Maël Mühlemann, économiste à Unia, explique qu’il y a également d’autres sources d’information: «Les entreprises cotées en Bourse ont l’obligation de publier un rapport annuel. Sinon, on peut trouver beaucoup de renseignements dans les médias ou sur des bases de données officielles. Et il est aussi important de se parler entre collègues, car chacun, dans son domaine, possède des informations sur la marche des affaires. Enfin, beaucoup d’entreprises font réaliser des audits externes pour savoir où elles se situent par rapport à la concurrence, en termes de salaires. Cela aussi vous pouvez exiger d’y avoir accès.»

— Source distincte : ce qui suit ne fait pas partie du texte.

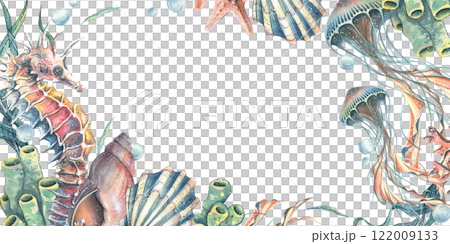 Seahorse, jellyfish, corals, sea sponges, seaweed, shells, starfish and bubbles. Hand drawn watercolor illustration on the theme of sea animals. Horizontal rectangular frame, template for text. Seahorse, jellyfish, corals, sea sponges, seaweed, shells, starfish and bubbles. Hand drawn watercolor illustration on the theme of sea animals. Horizontal rectangular frame, template for text. 122009133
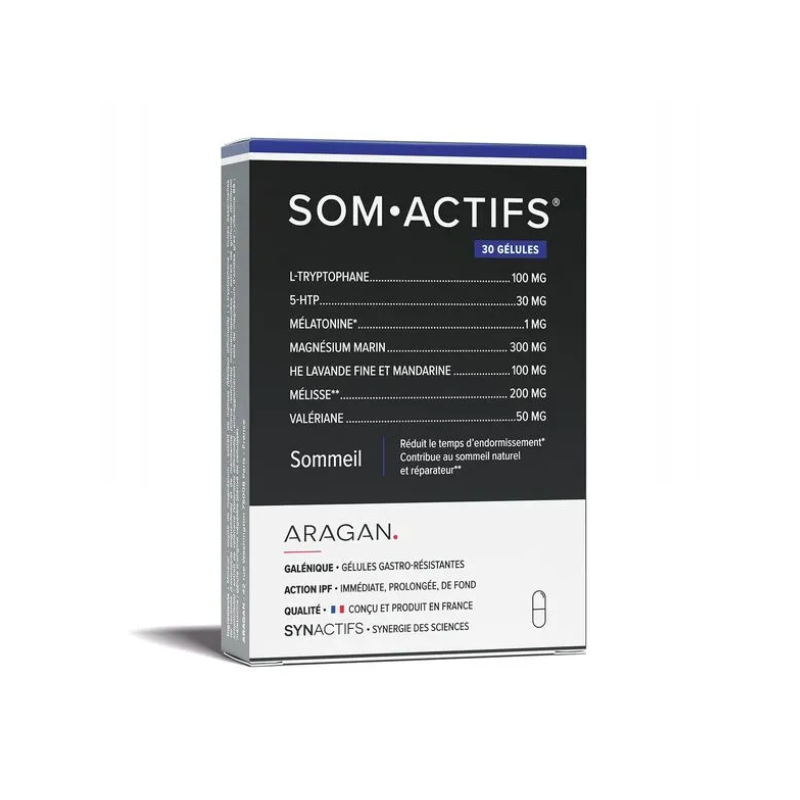 Aragan Synactifs SomActifs Sommeil 30 gélules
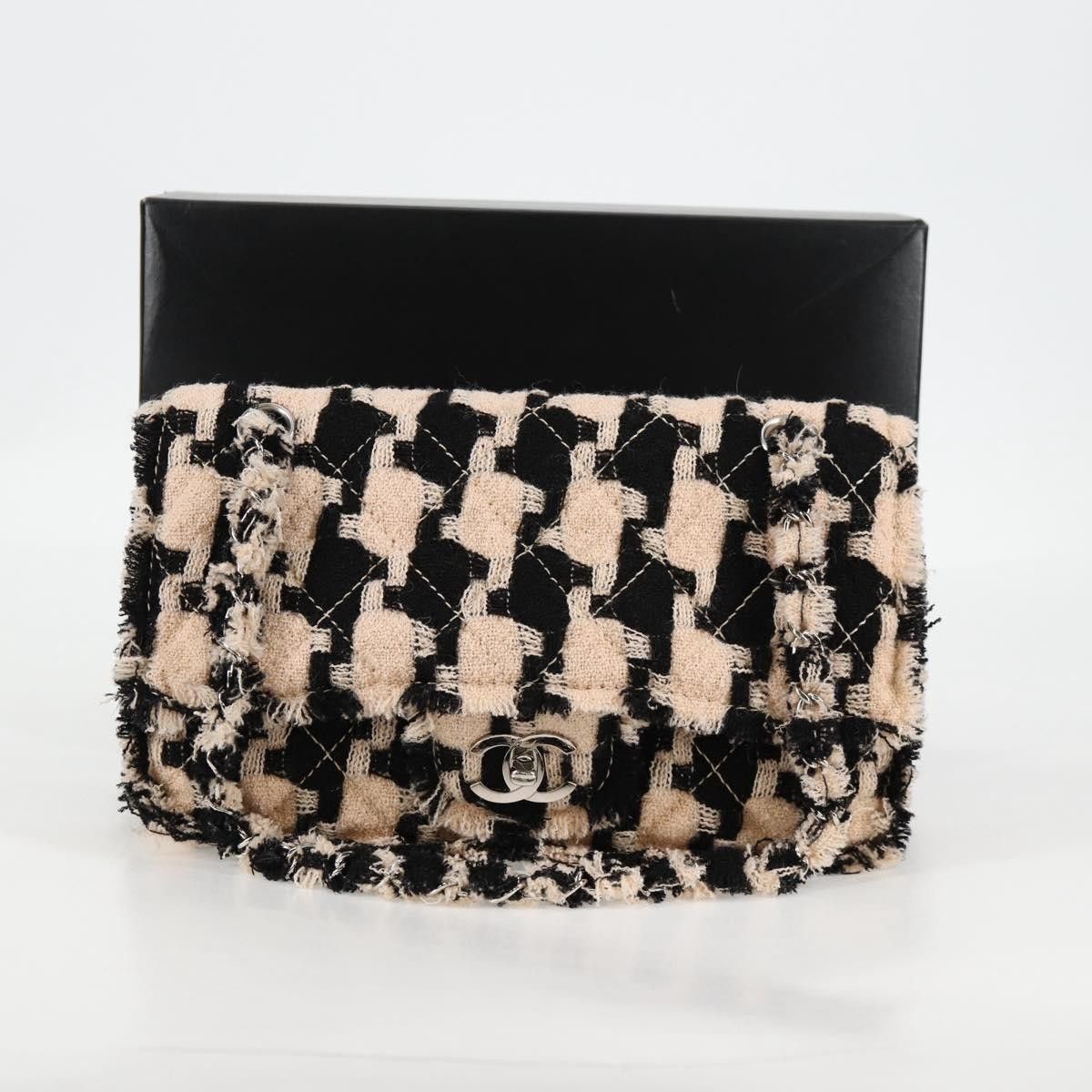 Chanel Chanel Classic Single Flap Bag Quilted Houndstooth Tweed and Ribbon Size ONE SIZE - 15 Thumbnail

Une conjoncture pas si mauvaise

L’économiste dresse un rapide tableau de la situation actuelle. Selon lui, les rapports annuels des entreprises cotées en Bourse au sein de Swissmem, l’association patronale de la branche, montrent que les chiffres d’affaires et les commandes sont moins mauvais que ce qu’affirment leurs dirigeants. Quant aux droits de douane américains, il convient d’examiner cela au cas par cas: «Même dans les entreprises qui ne sont pas directement touchées, des patrons utilisent cet argument pour dire qu’ils ne peuvent pas accorder d’augmentations de salaires. Mais en général, la situation est moins grave qu’ils ne le prétendent. C’est seulement quand les exportations vers les Etats-Unis représentent plus de 20% du chiffre d’affaires que cela devient problématique. Mais dans l’industrie MEM, on est entre 5,9% et 10%.»

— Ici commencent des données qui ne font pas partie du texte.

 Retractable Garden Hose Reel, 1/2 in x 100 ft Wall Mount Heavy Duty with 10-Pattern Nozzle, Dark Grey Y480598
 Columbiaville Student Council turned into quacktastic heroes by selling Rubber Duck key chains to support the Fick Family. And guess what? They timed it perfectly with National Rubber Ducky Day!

Maël Mühlemann se penche plus en détail sur les résultats des entreprises dont des membres des CoPe participent au cours, expliquant quels chiffres sont importants et comment les interpréter. Il souligne entre autres l’évolution des salaires de certains CEO, dont l’un a vu sa rémunération grimper de 22% en un an, ce qui représente une hausse de plus d’un million de francs à l’année. «Donc, les augmentations de salaires sont possibles!» ironise-t-il. A côté de cela, les 2,5% d’augmentation générale que revendique Unia ne semblent pas démesurés…

Et il n’y a pas que les patrons, les actionnaires aussi sont choyés: «Leurs dividendes augmentent chaque année sans qu’ils aient besoin de le demander. Alors que la productivité s’est accrue de 10,5% en dix ans dans l’industrie MEM, la valeur ajoutée créée par les employés n’est pas redistribuée, déplore l’économiste. Si on tient compte de l’inflation, la majorité des salaires sont plus bas qu’en 2016. Il y a un besoin de rattrapage évident.» Et cela serait sans doute encore plus flagrant si l’Indice suisse des prix à la consommation prenait en compte les primes d’assurance maladie. Mais ce n’est pas le cas, même si c’est un vieux cheval de bataille des syndicats. 

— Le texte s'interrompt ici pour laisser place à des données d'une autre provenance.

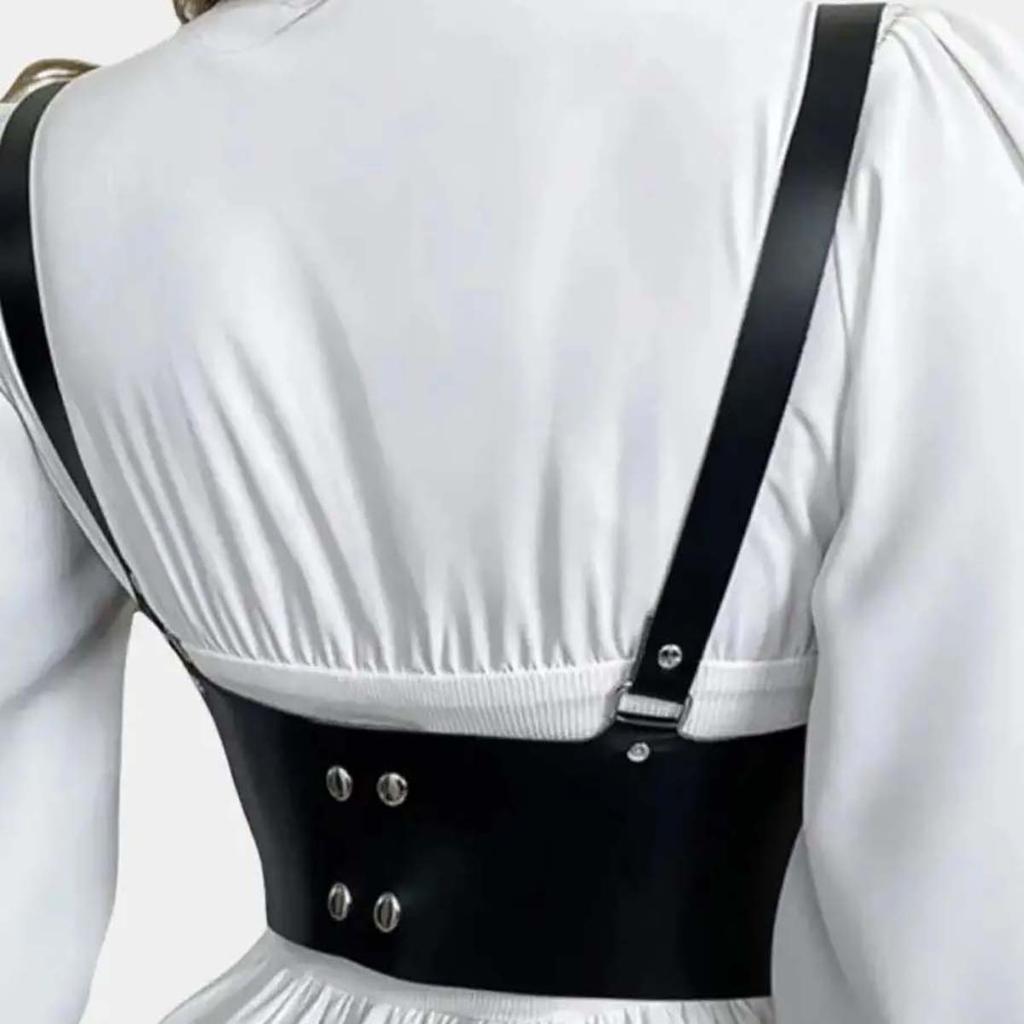 Women Fashion Belt Punk Waist-to-Shoulder Leather Body Harness Suspenders for Women Decorative Belt Gothic Clothing Accessories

Ne pas céder à la pression

Pour conclure, Raphaël Thiémard conseille aux membres des CoPe de ne jamais prendre de décision hâtive et de ne surtout pas céder aux pressions du genre «c’est à prendre ou à laisser» et «c’est maintenant ou jamais». «Si vous obtenez un résultat, ne signez rien tout de suite. Rappelez à la direction que vous devez d’abord le faire valider par le personnel. Et si vos collègues n’en sont pas satisfaits, il faut reprendre les négociations.»

Mais plusieurs participants au cours racontent s’être retrouvés face à un mur, avec des patrons qui ne voulaient rien lâcher. «On nous répond: si vous n’êtes pas contents, allez voir ailleurs», témoigne un Genevois. «En cas d’impasse, répond Raphaël Thiémard, vous avez le droit de demander que le syndicat intervienne.» Il n’est pas forcément facile de faire le pas, et de durcir ainsi le ton des discussions, mais Maël Mühlemann considère que ça en vaut la peine: «L’an dernier, l’une des CoPe qui avait obtenu la plus importante augmentation de salaires avait fait appel à Unia.» 

A l’issue de cette demi-journée de formation, les participants se sentent mieux armés pour partir au front. «Je suis ces cours chaque année, confie une déléguée. Cela nous donne des arguments pour justifier nos prétentions.» Un membre d’une autre CoPe confirme: «Les directions sont bien préparées, mais nous, on n’est pas des économistes. C’est notre responsabilité envers nos collègues de nous former pour négocier.»